Finding probability with a sample size and no SD or mean

skell012

New Member
I have a problem dealing with finding a desired percentage and I'm only familiar with finding these kinds of probabilities with a standard deviation and sample mean present. I believe I need to utilize the Z-scores to find this probability but I'm not sure how to get started. Any guidance to get me in the right direction would be great.

Here is the problem:

In 2017,6% of the flights were delayed. Suppose that a random sample of 80 of the flights for the first month of 2018 is selected. What is the probability that, in this sample, the percentage of delayed flights is less than 4%? Assume that the airline’s on time performance rate for the first month of 2018 is the same as it was in 2017.

Last edited:

hlsmith

Not a robit
I agree with @obh - think of this as more of a flipping a coin problem. If the coin is fair, you should get heads 50% of the time, given a number of flips, what is the probability of getting say 25% heads - which may or may not be rare given the number of flips. But as flips approaches infinity, the observed percentage of heads should be close to the truth.

skell012

New Member
So if I used binomial distribution,would these be the proper inputs? N= 80, π=.06

I'm not sure if this is the proper method because I wouldn't know how to find a probability less than a certain value.

Archidamus

Member
A very helpful question to always ask is; 'Are the observations continuous or discrete?' In this case the observations are pass/fail, on-time/delayed flights.
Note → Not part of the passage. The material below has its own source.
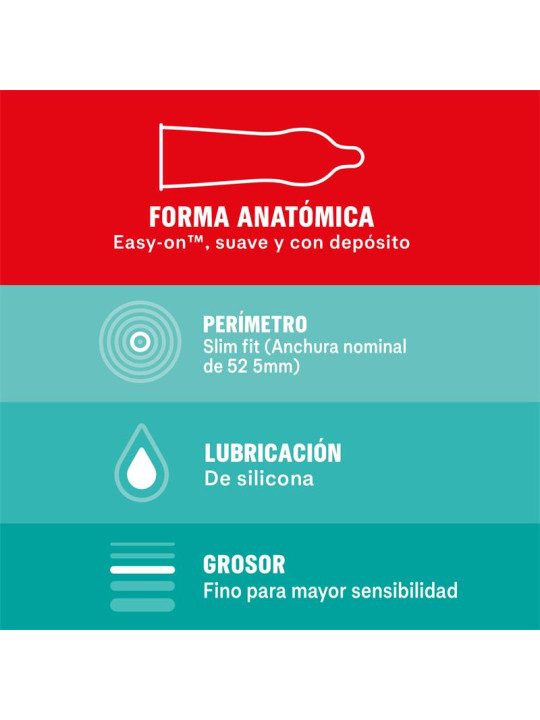 Preservativos Sensitivo Slim Fit 10 Unidades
With only discrete distributions to pick from, the one that makes most sense is the binomial.

Because they want to know what is the probability that less than 4% of 80 flights are delayed, you are really asking what is the probability that 3 or few flights are delayed. 4% of 8 is 3.2, so round down to the nearest integer.

So sum up to probabilities that 0, 1, 2, or 3 flights are delayed.

P(x) = Combination(80,x) * .08^(x) * (1-.08)^(80-x)

P(0) + P(1) + P(2) + P(3) = .285788